Kawasan Candi Dieng berada di tengah perkebunan kentang masyarakat sekitar. Oleh karena itu, tak heran jika sering kali pengunjung berpapasan dengan petani yang mengangkut hasil panen atau menjumpai banyak pipa peralon yang digunakan untuk mengairi lahan perkebunan yang menjuntai di sepanjang jalan masuk. Bagi pengunjung yang menjumpai pipa peralon yang melintang dipermukaan jalan masuk atau di samping jalan masuk perlu diperhatikan untuk tidak menginjaknya karena jika diinjak dikhawatirkan pipa tersebut pecah dan mengganggu sistem pengairan lahan perkebunan serta airnya dapat membanjiri jalan masuk. Harga tiket masuk ke kawasan Candi Dieng adalah Rp 10.000 per orang dan biaya parkir sebesar Rp 5.000 untuk mobil dan Rp 2.000 untuk sepeda motor.

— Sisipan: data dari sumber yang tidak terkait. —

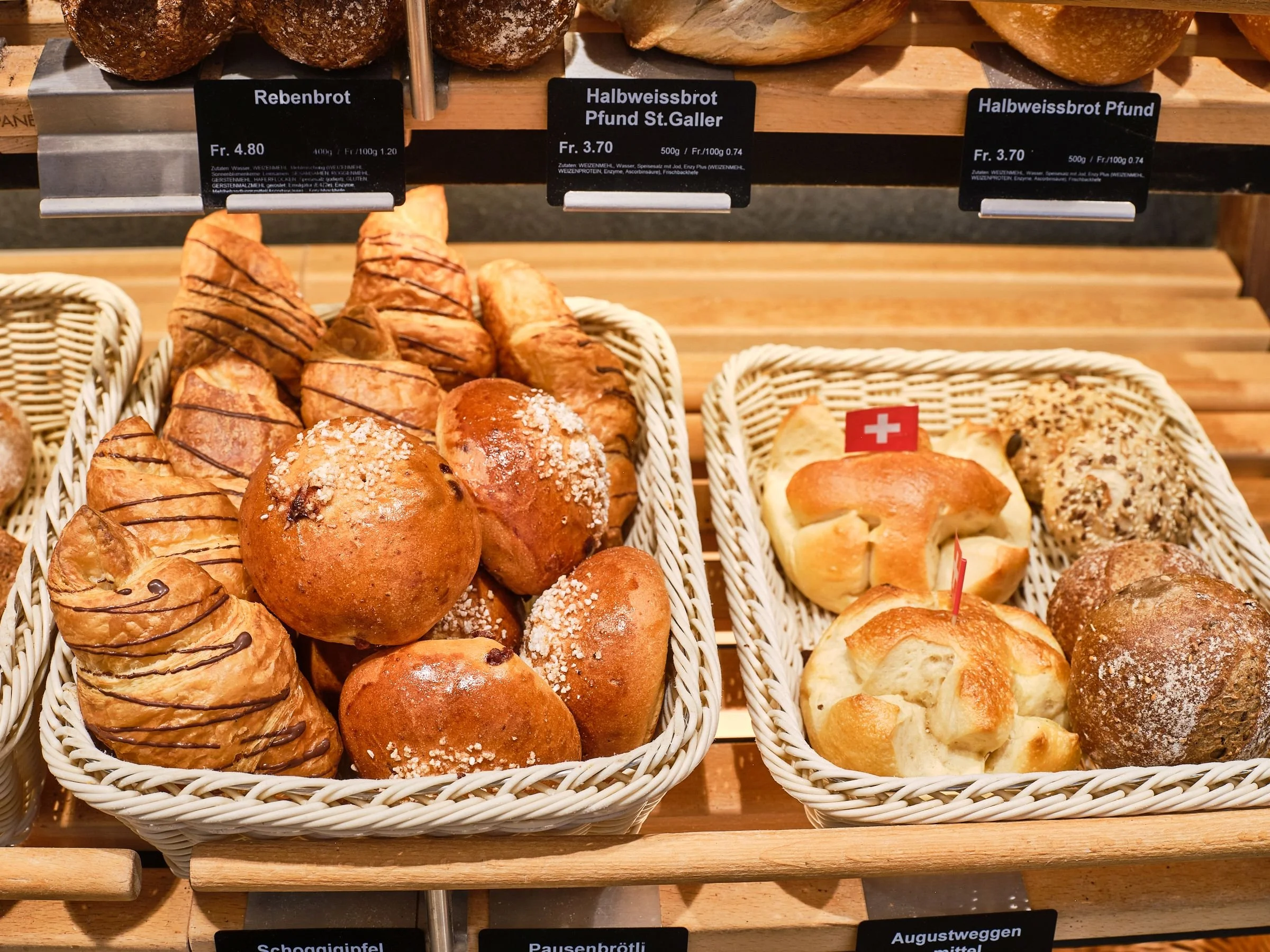 Frische Brötchen und Brot der Bäckerei im Erdgeschoss der Poststrasse 1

Setelah membayar tiket masuk kami berjalan menyusuri jalan yang terbuat dari semen cor yang diapit dengan berbagai tanaman berbunga, salah satunya kecubung. Tanaman kecubung memang sangat mudah tumbuh dan hidup di daerah yang sejuk sehingga di sepanjang jalan menuju kawasan wisata Dieng pengunjung dapat dengan mudah menjumpai tanaman yang bunganya berbentuk seperti terompet yang biasanya berwarna pink pucat. Sekadar memberi informasi, jangan sembarangan memetik atau menyentuh tanaman yang sangat menarik ini. Hal tersebut disebabkan semua bagian tanaman ini beracun yang dapat berefek memabukkan hingga membuat seseorang tidak sadarkan diri apabila nekat mengonsumsinya.

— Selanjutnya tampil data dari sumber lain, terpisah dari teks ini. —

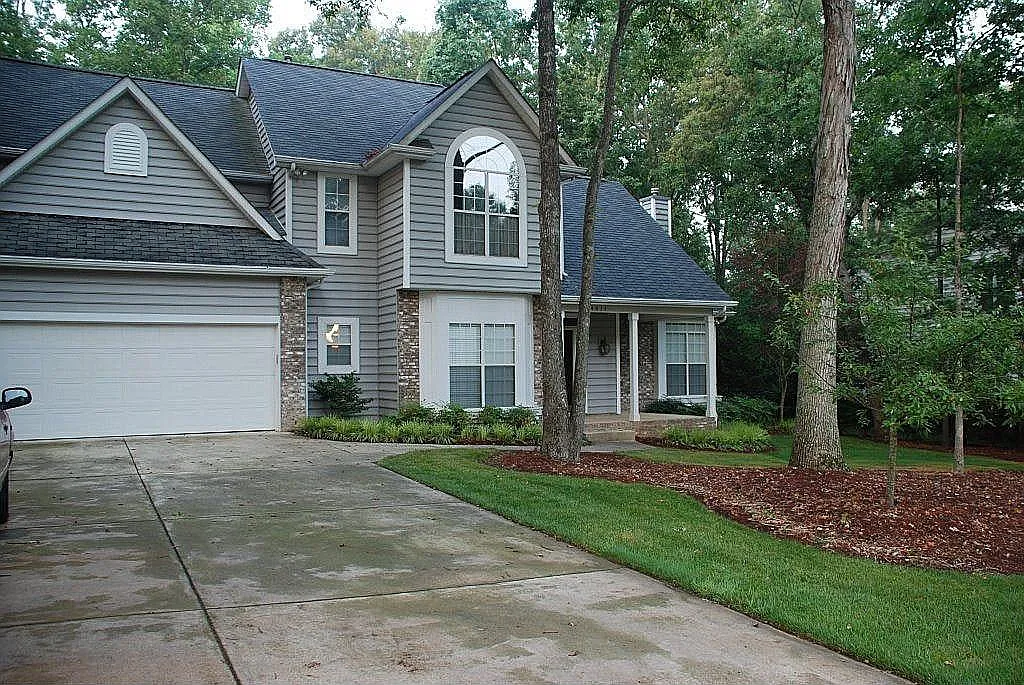 4834 Derbyshire Dr — Photo 2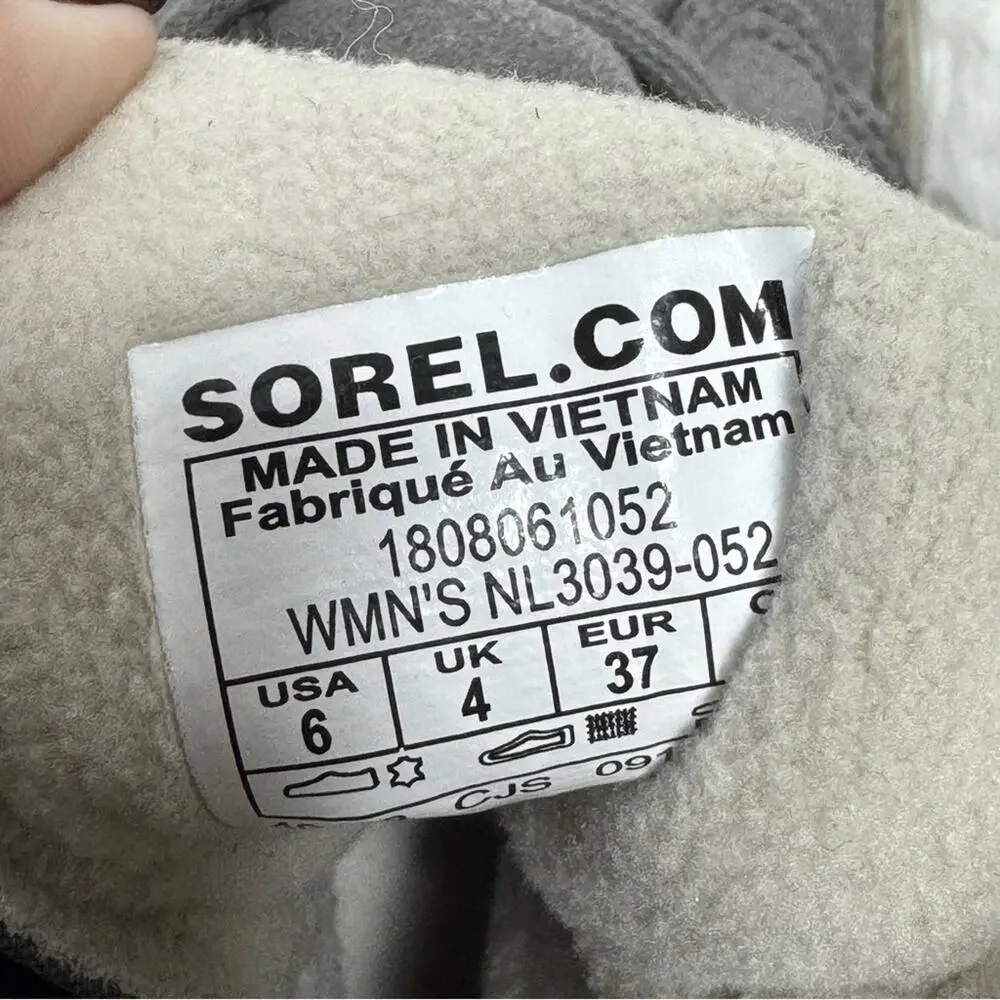 SOREL / gray Explorer Joan waterproof lace up faux fur suede leather boots / 6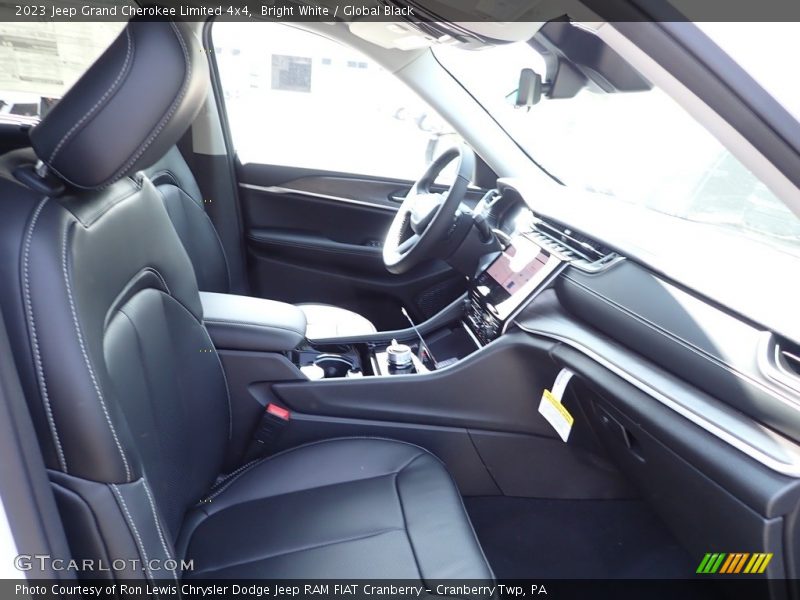 Bright White / Global Black 2023 Jeep Grand Cherokee Limited 4x4
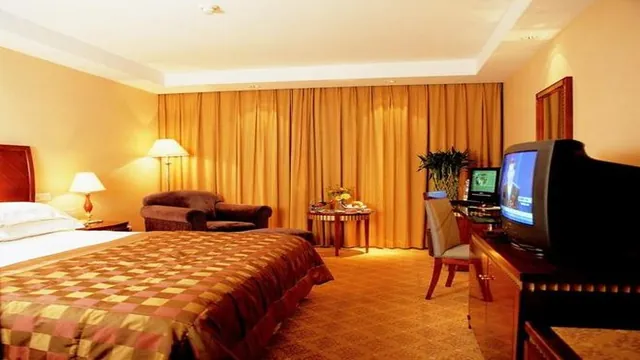 New Majestic Hotel photo 3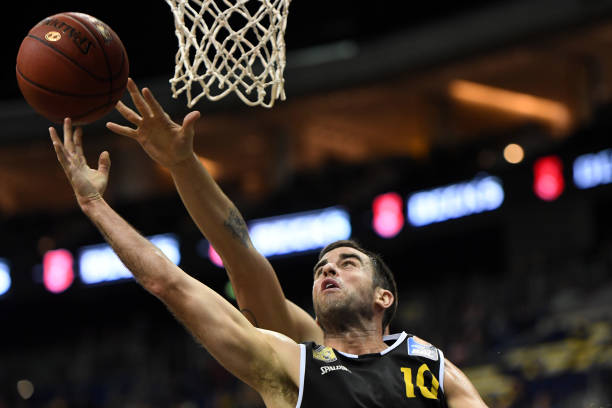 球队的中场 球队的中场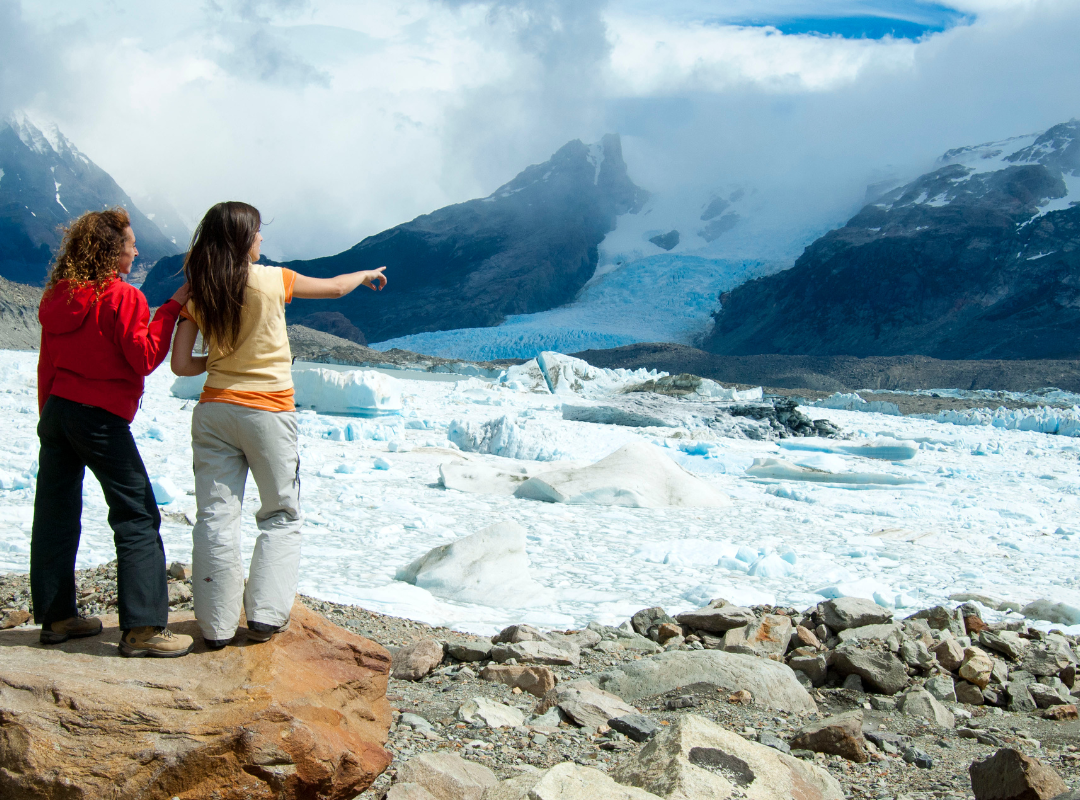 navegación en bote, trekking y vista privilegiadas de los glaciares de la Patagonia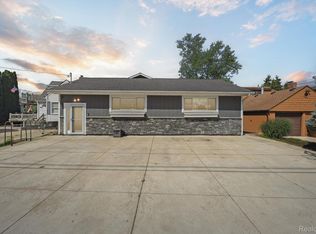 31020 Bayview Dr, Gibraltar, MI 48173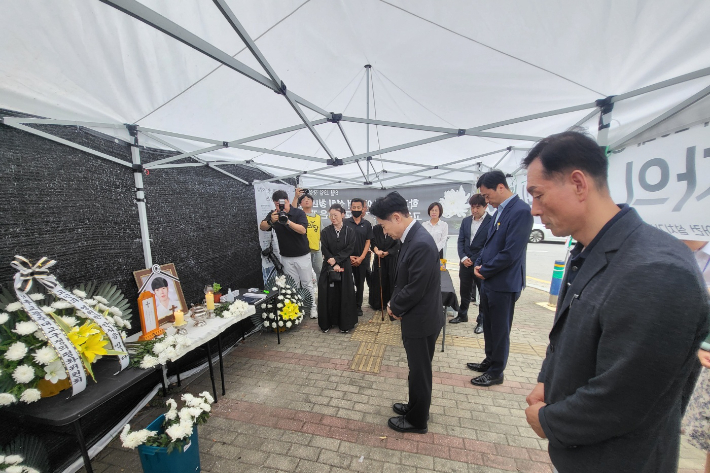 김대중 전남도교육감이 지난 11일 광주 북구 정부종합청사 앞 에어컨 설치기사 고(故) 양모씨의 분향소를 찾아 묵념하고 있다. 삼성에어컨설치기사 20대 청년노동자 폭염 사망사고 대책회의 제공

Kami berjalan sejauh kurang lebih 300 meter dari pintu masuk ke kompleks candi. Mendekati kompleks candi, kami disambut oleh beberapa petugas yang memberikan kain kepada kami untuk diikatkan di pinggang. Hal ini dilakukan karena bangunan candi merupakan bangunan yang sakral sehingga setiap pengunjung yang datang untuk berdoa atau hanya sekadar berwisata harus menutup auratnya. Oh ya, candi yang kami kunjungi kali ini adalah kompleks Candi Arjuna yang terdiri dari lima bangunan candi yaitu Candi Arjuna, Candi Semar, Candi Srikandi, Candi Puntadewa, dan Candi Sembadra. Kelima bangunan candi ini berdiri secara berdampingan di atas tanah seluas satu hektar.

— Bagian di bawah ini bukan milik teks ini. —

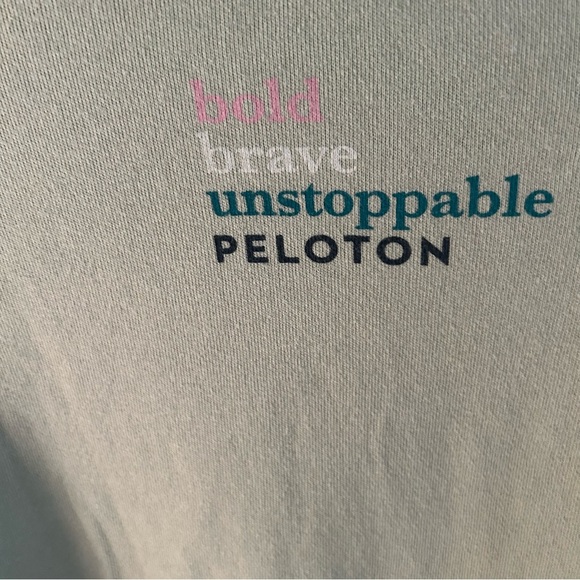 Peloton Heart Pullover Sweatshirt. Size Large. - Picture 6 of 11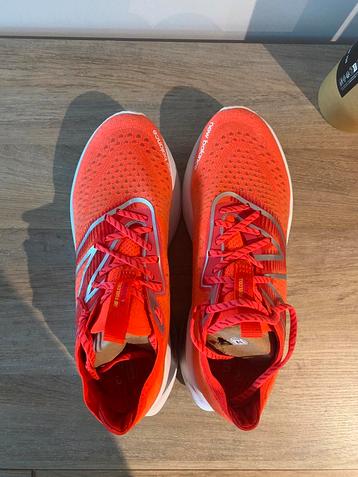 New Balance FuelCell SuperComp Trainer v2 EU45,5 (CARBON) beschikbaar voor biedingen
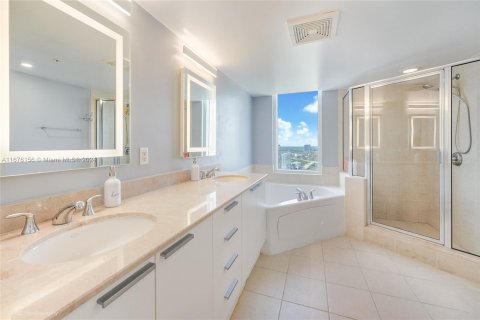 Condo in Sunny Isles Beach, Florida, 2 bedrooms  № 1400134 - photo 14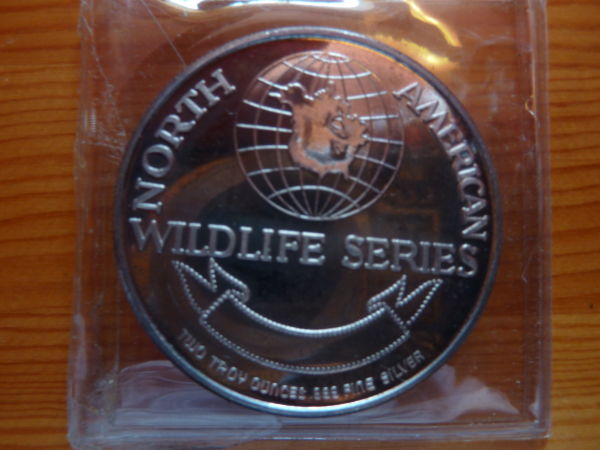 North-America-Wildlife-Series-2-Oz-Silver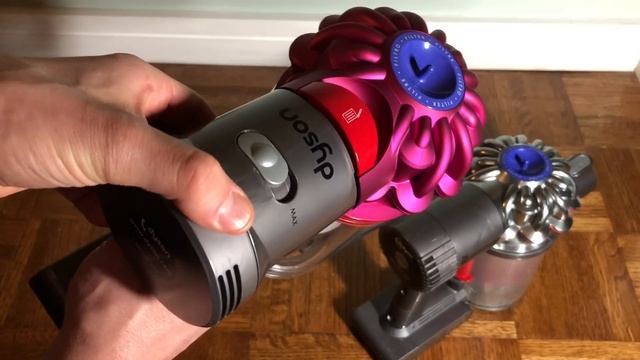 Dyson V7 vs V6 Motorhead Vacuum Comparison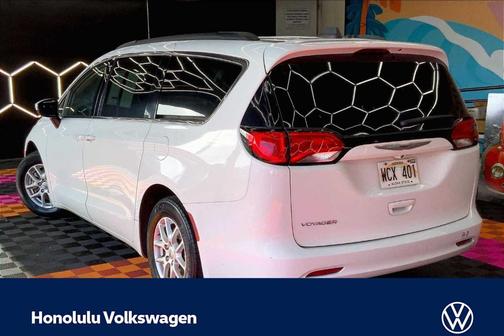 2021 Chrysler Voyager LXI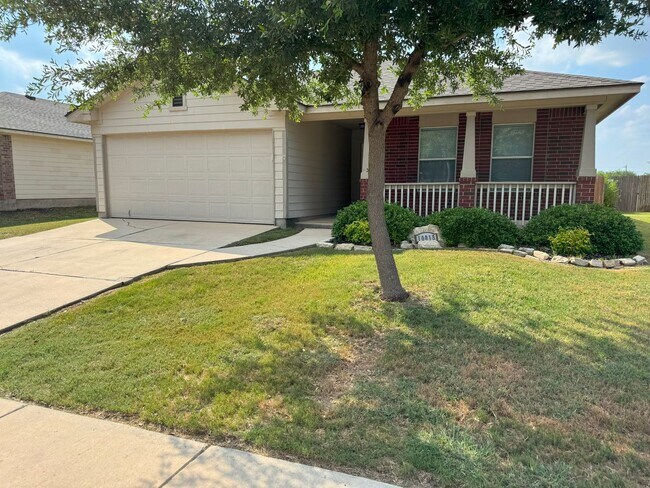 Foto del edificio - Welcome home to 10115 Red Iron Creek!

Sumber gambar: https://indonesiakaya.com/pustaka-indonesia/yang-tersisa-di-kompleks-candi-gatotkaca/
Sumber gambar: https://indonesiakaya.com/pustaka-indonesia/yang-tersisa-di-kompleks-candi-gatotkaca/
Apabila pengunjung berjalan lebih jauh melewati kompleks Candi Arjuna, pengunjung akan menemukan kompleks candi berikutnya yaitu kompleks Candi Gatotkaca yang terdiri dari enam bangunan candi yaitu Candi Gatotkaca, Candi Setyaki, Candi Nakula, Candi Sadewa, Candi Petruk, dan Candi Gareng. Dari keenam candi yang terdapat dalam kompleks Candi Gatotkaca, hanya Candi Gatotkaca sendiri yang masih utuh, sisanya hanya berupa reruntuhan. Masih ada satu kompleks candi lagi yang dapat dikunjungi yaitu kompleks Candi Dwarawati yang terdiri dari empat candi yaitu Candi Dwarawati, Candi Abiyasa, Candi Pandu, dan Candi Margasari. Senasib dengan Candi Dwarawati, di kompleks Candi Setyaki ini hanya bangunan Candi Setyaki saja yang masih utuh, sisanya hanya berupa reruntuhannya saja.

 

Sumber gambar: https://www.kompasiana.com/nprih/5991e70702b52f6b4376bd02/candi-dwarawati-sendiri-menemani-petani-dieng?page=all
Sumber gambar: https://www.kompasiana.com/nprih/5991e70702b52f6b4376bd02/candi-dwarawati-sendiri-menemani-petani-dieng?page=all
Melansir dari tirto.id, kompleks Candi Dieng ini diperkirakan dibangun pada tahun 594-782 M pada masa kejayaan Kerajaan Kalingga oleh Wangsa Sanjaya. Namun hingga saat ini masih belum diketahui secara pasti kebenarannya karena belum ada bukti sejarah secara tertulis yang mengatakan siapa pembuat bangunan-bangunan keagamaan ini. Satu-satunya bukti sejarah secara tertulis yang ditemukan di kawasan candi ini hanyalah sebuah prasasti beraksara jawa kuno berangka tahun 808 M yang menjadi salah satu prasasti tertua di Indonesia yang saat ini disimpan di Museum Nasional Indonesia, Jakarta. 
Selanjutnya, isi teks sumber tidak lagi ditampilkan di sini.